Choose a migration path

You can move VM instances, custom images, or disks that are available in an existing environment, such as on-premises or on other cloud providers, to Compute Engine.

A variety of migration paths are available that support different formats. Choosing a migration path depends on whether you are moving a VM instance, disk, or image.

The following table summarizes the migration paths available on Compute Engine.

What you want to migrate Tool or procedure Best used for
VM instances Migrate to Virtual Machines
  • Importing multiple VM instances and their data.
  • Migrating VM instances from other cloud providers such as VMware and AWS.
  • Testing your apps in the cloud before you migrate. If your apps do not function properly, you can easily roll back.

With Migrate to Virtual Machines, you have a suite of features that help you automate, simplify, and accelerate the migration process.

Migrate to VMs is free to use for customers migrating to Google Cloud. Standard billing rates apply for all other Google Cloud products (such as Compute Engine or Storage) used or consumed during or after the migration. For example, if you use Compute Engine VMs to deploy Migrate to VMs, you'll need to pay for those instance hours. For more detailed pricing information, see Migrate to VMs pricing.
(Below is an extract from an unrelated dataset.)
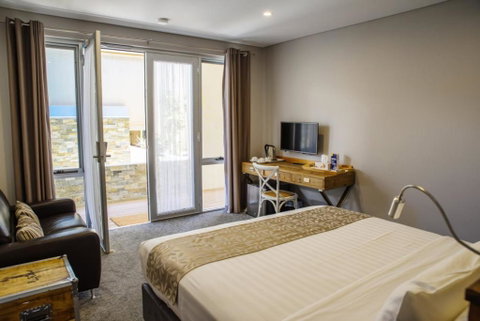 Maand Up - Tourism Caloundra 5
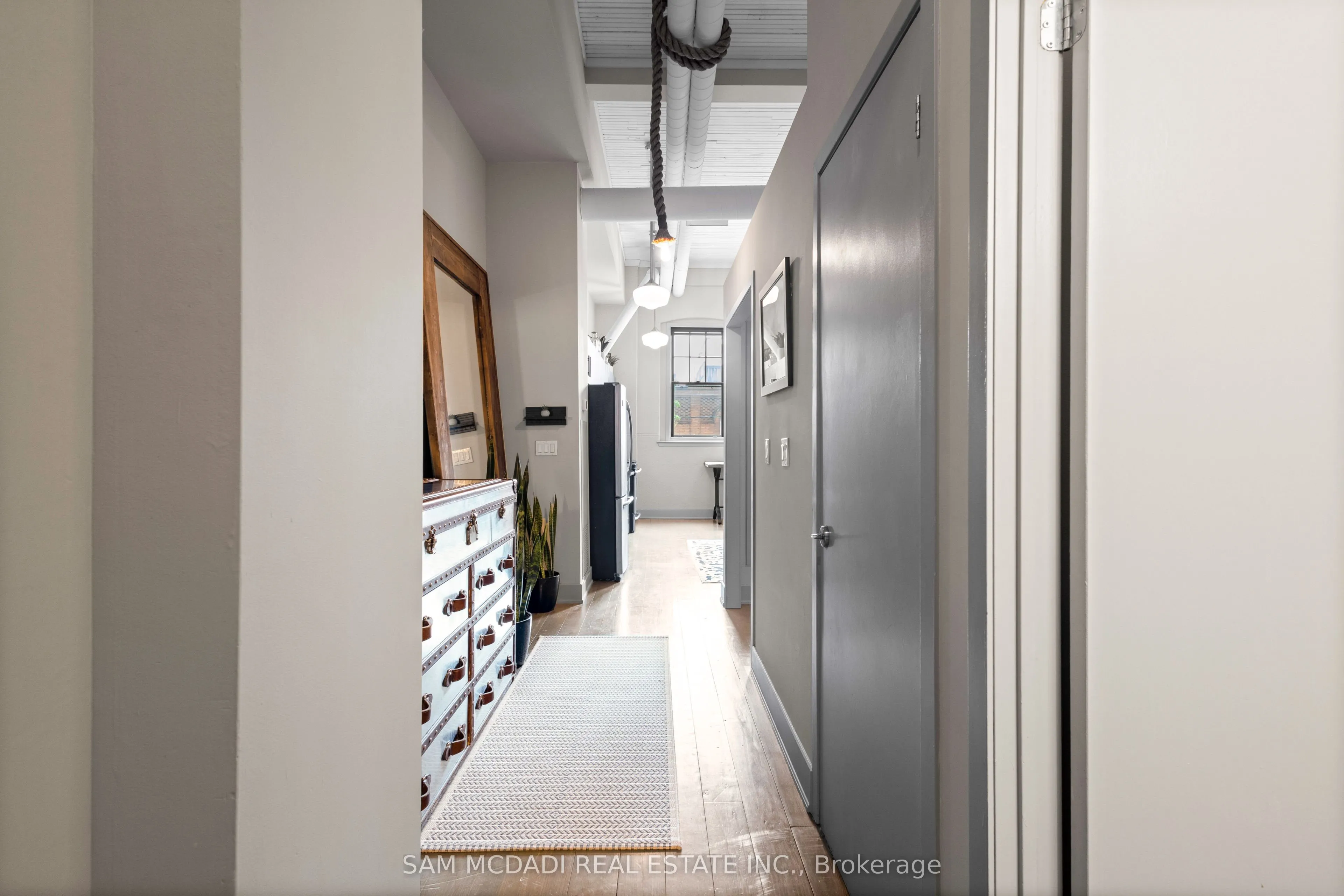 183 Dovercourt Road, #204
VM instances (in OVA or OVF format) Importing virtual appliances Importing virtual appliances. A virtual appliance is a prepackaged virtual machine.
Virtual disks or images

Importing virtual disks or template disks from an on-premises or other cloud environment.
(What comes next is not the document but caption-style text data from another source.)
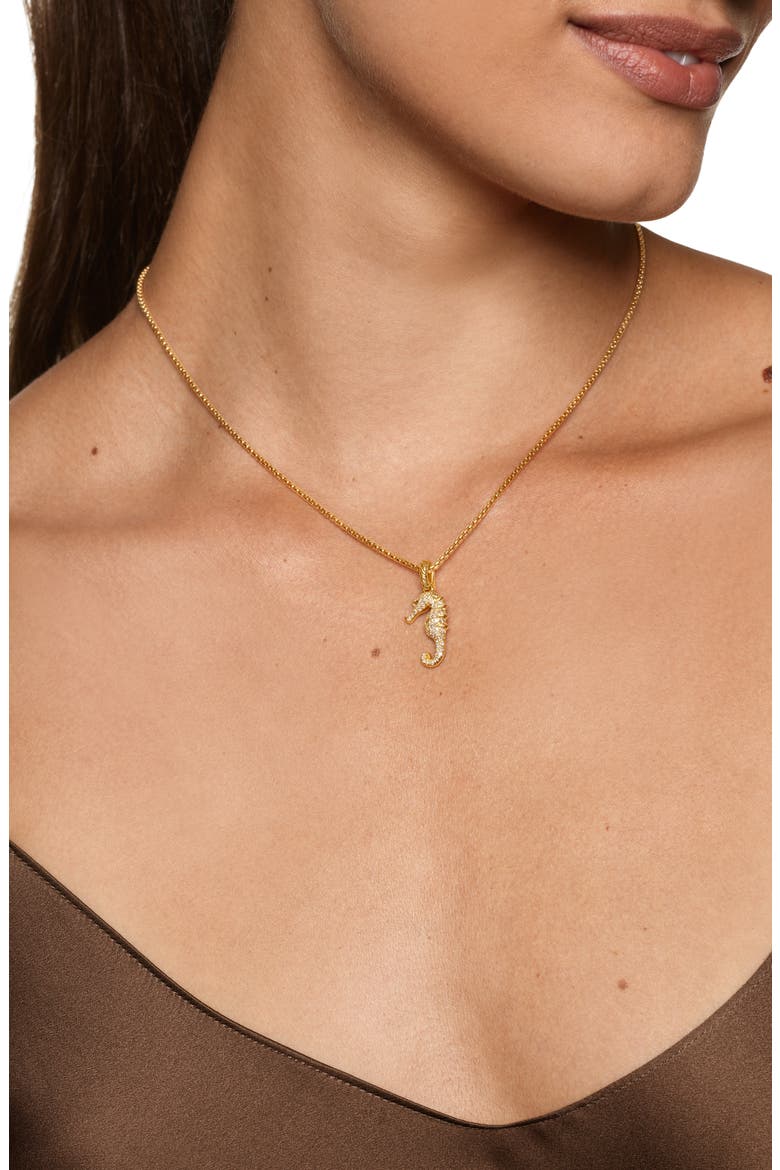 Seahorse Amulet in 18K Yellow Gold with Cognac Diamonds & Diamonds, 22mm, Alternate, color, GOLD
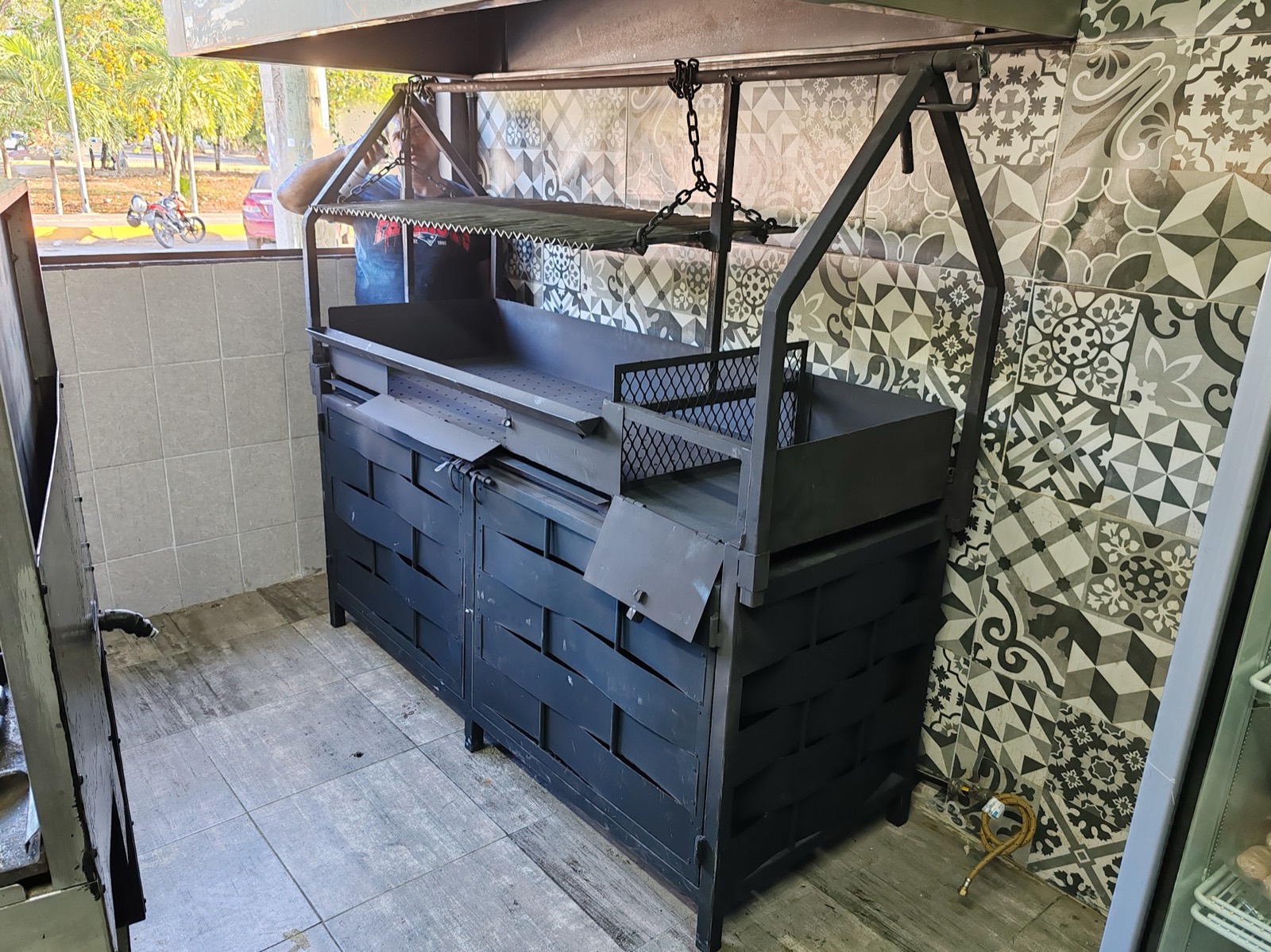 Asador a medida — Grupo Jassa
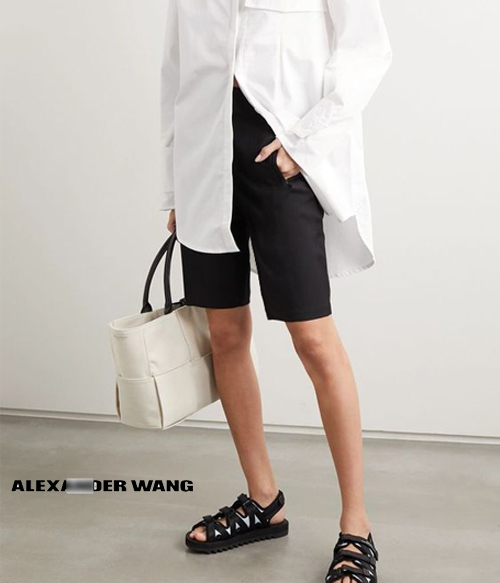 alexander wan* banding shorts ;입어보면 더욱 반하는 미디 쇼츠~밴딩이라 더욱 편해요^^ ;피팅추가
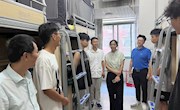 航空服务与音乐学院领导老师走进宿舍看望2023级新生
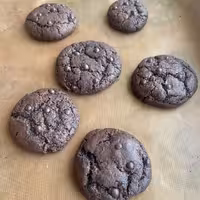 کوکی شکلاتی 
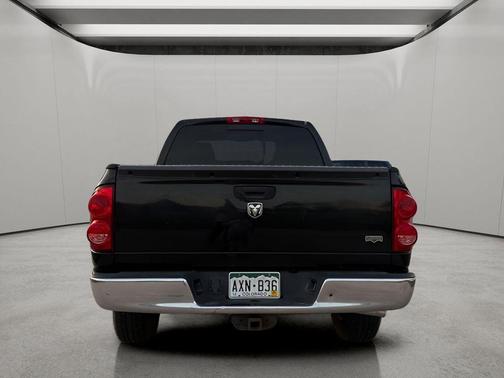 Brilliant Black Crystal Pearlcoat 2007 Dodge Ram 1500 SLT Quad Cab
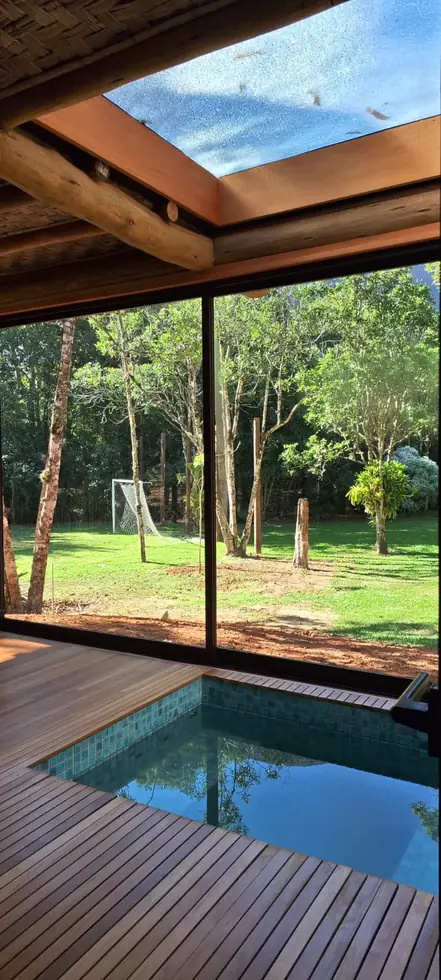 Deck, piscina e claraboia em madeira — NS Engenharia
These methods use the images import command.

If you need to make advanced customizations or have source disks in a format that is not supported by the import command, you can manually import and configure disks.
Machine images Importing a machine image from a virtual appliance Importing machine images. A machine image is Compute Engine resource that stores all the configuration, metadata, permissions, and data from one or more disks required to create a VM instance.

This method is best suited for creating machine images from virtual appliances.